Arts center in Metro Manila, Philippines

Repertory Philippines Foundation Inc. (REP) is a Filipino theater company dedicated to showcasing English-language productions.

==History==
Repertory Philippines was established in March 1967 by five actors: Zenaida Amador, Carmen Barredo, Leo Martinez, Tony Mercado, and Monina Mercado. Its first production was a Tagalog-language adaptation of Miss Julie by August Strindberg, directed by Rolando Tinio. In its early years, REP experienced difficulty in attracting audiences for its plays; the owners assessed that the paying audience preferred plays in English and those authored by American and European playwrights. REP's debut play Miss Julie had poor viewership which led the theater company to focus on English-language plays. With the patronage of Jaime Zobel de Ayala, the viewership of REP's plays gradually increased. Most of the theater group's productions were derived from classic English-language plays and Broadway musicals.

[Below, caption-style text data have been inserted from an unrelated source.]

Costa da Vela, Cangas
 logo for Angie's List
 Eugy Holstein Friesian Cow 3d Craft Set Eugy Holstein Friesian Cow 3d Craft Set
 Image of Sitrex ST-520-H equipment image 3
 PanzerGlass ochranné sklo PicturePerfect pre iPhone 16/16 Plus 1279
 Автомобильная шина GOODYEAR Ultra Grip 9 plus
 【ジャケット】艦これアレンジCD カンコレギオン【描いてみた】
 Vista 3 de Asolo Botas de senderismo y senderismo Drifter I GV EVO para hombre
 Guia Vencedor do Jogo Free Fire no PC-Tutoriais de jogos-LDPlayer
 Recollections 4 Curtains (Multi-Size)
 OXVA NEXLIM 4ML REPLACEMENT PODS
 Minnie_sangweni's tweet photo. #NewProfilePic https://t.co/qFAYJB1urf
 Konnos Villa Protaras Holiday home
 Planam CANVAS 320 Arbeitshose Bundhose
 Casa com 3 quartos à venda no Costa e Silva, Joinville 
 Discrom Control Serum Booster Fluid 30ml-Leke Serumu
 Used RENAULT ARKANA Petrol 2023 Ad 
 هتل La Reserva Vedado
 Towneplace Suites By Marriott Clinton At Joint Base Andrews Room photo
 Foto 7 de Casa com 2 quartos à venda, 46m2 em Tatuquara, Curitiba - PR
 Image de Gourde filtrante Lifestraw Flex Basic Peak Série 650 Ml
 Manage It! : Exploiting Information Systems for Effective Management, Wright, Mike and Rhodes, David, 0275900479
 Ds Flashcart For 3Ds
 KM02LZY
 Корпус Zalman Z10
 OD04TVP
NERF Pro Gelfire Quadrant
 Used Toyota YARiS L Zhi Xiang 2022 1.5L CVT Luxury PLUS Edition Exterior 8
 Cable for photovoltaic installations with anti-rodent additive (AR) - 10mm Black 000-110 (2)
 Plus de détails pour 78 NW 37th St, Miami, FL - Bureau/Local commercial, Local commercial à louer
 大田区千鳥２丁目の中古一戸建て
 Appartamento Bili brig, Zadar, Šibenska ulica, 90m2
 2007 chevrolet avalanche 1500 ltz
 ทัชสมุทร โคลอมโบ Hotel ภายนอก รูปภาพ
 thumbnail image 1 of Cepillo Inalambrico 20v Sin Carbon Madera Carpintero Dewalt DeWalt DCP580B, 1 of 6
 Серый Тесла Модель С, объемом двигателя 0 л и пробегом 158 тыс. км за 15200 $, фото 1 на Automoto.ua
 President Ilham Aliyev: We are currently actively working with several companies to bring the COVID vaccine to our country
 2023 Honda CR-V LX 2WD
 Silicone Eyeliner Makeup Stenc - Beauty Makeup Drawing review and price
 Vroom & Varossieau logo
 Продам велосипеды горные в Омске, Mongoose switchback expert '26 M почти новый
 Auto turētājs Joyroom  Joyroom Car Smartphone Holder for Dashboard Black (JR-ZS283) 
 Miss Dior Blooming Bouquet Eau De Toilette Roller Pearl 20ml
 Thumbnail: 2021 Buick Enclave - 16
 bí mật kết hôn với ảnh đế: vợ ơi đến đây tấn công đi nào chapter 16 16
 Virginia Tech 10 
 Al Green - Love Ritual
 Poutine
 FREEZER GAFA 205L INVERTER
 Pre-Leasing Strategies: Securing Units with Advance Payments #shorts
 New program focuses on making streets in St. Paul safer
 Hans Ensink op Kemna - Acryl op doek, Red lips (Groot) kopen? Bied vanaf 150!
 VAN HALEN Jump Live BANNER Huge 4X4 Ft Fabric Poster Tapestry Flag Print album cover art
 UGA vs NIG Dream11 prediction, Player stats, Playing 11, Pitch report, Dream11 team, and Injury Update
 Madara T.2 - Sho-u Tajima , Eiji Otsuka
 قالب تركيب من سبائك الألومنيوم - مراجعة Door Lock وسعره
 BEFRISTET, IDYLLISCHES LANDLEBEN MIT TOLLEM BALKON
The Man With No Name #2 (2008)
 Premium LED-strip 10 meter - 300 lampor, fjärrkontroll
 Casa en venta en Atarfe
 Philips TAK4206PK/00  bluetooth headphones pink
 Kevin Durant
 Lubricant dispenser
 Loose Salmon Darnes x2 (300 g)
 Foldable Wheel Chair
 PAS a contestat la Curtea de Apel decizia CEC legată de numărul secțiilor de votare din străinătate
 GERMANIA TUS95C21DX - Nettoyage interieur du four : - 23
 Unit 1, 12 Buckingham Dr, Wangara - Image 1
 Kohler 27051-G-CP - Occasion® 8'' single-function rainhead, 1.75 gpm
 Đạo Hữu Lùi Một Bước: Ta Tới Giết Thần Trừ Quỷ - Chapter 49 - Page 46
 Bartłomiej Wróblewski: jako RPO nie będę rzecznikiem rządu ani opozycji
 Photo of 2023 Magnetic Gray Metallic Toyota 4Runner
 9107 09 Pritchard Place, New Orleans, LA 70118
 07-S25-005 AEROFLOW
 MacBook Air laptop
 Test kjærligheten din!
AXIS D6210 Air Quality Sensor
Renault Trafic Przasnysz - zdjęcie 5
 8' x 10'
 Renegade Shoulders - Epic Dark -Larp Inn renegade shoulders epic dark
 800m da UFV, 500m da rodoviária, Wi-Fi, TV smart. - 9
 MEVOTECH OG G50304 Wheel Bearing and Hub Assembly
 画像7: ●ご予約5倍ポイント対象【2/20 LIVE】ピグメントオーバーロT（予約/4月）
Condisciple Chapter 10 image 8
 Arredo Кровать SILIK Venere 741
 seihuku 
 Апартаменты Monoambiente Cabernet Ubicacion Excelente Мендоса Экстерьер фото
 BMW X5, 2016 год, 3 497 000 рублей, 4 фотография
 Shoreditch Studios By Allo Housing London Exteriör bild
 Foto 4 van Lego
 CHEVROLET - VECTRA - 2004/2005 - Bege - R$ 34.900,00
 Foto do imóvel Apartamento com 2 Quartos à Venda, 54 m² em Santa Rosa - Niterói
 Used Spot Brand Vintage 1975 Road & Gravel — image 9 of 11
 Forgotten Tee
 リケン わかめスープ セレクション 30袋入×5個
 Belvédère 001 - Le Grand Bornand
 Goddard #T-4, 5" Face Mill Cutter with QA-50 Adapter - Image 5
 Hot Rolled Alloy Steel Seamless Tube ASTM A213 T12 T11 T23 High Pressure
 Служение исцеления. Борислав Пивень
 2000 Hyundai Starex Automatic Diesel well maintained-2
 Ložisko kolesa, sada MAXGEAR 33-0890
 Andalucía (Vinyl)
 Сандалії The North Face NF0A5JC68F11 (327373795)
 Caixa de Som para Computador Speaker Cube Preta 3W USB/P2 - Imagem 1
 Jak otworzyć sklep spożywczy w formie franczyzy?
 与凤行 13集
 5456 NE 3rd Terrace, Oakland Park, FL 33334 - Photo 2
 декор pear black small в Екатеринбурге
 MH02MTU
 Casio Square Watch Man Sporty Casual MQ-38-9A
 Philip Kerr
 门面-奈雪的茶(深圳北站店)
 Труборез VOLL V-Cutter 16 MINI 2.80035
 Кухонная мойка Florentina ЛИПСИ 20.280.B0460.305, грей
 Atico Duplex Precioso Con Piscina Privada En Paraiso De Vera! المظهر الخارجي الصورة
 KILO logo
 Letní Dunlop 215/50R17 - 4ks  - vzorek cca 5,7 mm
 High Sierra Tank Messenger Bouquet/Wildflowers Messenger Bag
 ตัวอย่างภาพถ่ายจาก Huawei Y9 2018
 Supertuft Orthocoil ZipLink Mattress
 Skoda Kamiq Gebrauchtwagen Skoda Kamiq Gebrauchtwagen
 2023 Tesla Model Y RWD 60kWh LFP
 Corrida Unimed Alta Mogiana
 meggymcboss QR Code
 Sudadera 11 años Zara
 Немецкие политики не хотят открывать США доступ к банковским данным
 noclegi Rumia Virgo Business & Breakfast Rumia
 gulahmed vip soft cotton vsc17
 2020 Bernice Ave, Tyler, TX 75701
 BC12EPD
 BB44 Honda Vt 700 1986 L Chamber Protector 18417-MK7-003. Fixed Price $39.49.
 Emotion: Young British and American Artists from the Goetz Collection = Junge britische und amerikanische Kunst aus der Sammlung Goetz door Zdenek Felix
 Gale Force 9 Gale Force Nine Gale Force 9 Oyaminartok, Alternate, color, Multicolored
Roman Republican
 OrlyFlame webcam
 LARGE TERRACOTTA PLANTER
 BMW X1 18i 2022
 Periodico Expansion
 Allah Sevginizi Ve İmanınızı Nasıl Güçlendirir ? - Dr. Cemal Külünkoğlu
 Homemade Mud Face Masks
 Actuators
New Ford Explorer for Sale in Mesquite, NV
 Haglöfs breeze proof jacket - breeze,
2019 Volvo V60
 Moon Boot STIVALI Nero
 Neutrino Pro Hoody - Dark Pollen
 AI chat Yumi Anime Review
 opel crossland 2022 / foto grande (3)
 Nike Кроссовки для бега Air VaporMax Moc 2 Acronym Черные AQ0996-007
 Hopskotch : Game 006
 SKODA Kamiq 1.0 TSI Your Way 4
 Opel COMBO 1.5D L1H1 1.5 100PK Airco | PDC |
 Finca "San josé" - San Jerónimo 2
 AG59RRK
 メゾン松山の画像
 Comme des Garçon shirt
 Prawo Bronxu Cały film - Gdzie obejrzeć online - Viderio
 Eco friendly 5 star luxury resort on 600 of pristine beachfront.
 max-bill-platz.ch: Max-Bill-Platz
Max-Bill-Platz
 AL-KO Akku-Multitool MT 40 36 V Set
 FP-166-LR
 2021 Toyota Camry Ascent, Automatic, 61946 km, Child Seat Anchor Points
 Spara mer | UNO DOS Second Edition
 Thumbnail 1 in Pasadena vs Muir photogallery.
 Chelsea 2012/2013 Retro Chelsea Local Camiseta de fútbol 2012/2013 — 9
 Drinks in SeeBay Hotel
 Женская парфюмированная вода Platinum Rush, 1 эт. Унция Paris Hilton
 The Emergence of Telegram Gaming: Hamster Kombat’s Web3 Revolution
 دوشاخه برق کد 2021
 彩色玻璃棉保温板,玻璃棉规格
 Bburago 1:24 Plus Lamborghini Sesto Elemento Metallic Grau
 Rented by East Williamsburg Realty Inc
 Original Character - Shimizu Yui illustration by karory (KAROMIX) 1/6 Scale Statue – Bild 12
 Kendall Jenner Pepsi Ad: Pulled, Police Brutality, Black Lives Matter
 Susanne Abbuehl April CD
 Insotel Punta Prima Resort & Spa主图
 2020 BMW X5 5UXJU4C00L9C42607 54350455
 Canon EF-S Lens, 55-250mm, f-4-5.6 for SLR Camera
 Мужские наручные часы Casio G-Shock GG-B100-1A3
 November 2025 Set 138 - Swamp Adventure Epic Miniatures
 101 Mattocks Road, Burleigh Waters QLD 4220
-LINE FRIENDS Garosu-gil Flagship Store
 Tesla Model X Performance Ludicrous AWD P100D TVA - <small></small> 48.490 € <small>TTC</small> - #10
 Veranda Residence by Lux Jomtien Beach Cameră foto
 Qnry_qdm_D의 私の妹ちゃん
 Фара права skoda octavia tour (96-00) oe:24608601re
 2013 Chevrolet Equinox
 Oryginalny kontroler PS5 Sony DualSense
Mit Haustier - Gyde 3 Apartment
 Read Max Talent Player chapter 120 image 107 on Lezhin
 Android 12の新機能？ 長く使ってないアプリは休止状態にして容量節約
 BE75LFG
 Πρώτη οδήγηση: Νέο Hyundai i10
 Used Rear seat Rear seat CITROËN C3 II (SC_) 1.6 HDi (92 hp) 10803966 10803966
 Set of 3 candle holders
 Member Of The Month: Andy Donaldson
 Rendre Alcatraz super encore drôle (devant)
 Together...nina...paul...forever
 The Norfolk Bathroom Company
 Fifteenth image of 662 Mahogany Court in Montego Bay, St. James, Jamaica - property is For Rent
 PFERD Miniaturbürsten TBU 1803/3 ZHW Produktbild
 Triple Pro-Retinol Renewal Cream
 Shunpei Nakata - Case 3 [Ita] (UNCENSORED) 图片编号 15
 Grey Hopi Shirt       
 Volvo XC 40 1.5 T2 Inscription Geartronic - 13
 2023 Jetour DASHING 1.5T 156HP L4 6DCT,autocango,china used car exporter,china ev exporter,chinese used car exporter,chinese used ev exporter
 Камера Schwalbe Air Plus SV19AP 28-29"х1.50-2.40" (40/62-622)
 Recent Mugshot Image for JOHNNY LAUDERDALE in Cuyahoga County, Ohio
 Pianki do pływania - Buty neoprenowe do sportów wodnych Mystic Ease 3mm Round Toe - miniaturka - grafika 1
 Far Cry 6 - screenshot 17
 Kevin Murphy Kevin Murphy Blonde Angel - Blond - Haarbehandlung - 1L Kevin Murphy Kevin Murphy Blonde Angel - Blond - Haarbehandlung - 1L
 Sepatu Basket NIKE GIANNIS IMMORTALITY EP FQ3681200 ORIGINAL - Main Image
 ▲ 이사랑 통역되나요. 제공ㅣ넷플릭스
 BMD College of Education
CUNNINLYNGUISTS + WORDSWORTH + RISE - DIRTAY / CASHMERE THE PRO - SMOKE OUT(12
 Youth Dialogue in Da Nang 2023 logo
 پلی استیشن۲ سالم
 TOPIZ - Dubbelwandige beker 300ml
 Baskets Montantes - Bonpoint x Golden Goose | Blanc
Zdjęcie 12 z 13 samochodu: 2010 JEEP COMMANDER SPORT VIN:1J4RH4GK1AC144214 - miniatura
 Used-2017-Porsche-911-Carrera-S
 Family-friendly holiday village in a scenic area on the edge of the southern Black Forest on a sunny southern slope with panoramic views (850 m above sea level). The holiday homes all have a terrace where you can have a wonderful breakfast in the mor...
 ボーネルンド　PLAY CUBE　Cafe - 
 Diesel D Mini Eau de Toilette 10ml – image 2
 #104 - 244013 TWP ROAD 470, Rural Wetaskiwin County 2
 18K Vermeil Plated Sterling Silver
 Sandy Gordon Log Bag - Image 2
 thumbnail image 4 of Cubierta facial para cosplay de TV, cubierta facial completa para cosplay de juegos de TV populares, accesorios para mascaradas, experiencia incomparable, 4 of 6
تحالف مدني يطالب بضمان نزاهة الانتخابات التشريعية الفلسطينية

In 1988, REP-trained actors including Lea Salonga and Monique Wilson were selected to join the original West End company of Cameron Mackintosh's Miss Saigon.

==Venues==
Since 2024, Repertory Philippines' home venue is the Carlos P. Romulo Auditorium in RCBC Plaza, Makati, while a new venue at Eastwood Citywalk in Eastwood City, Quezon City is slated to open in October. Prior to that period, REP did productions at the Insular Life Auditorium in Makati (1967–1992), the William Shaw Theater at Shangri-La Plaza, Mandaluyong (1992–2002), and the OnStage Theater at Greenbelt 1, Makati (2002–2024). The theater group also did plays at the Cultural Center of the Philippines, the Meralco Theater, and the now-defunct Rizal Theater in Makati.

==Reputation==
Repertory Philippines is known for producing plays in English – a subject of criticism by Filipino nationalists, although the theater company has a policy of not hiring foreign actors for the lead roles in their plays.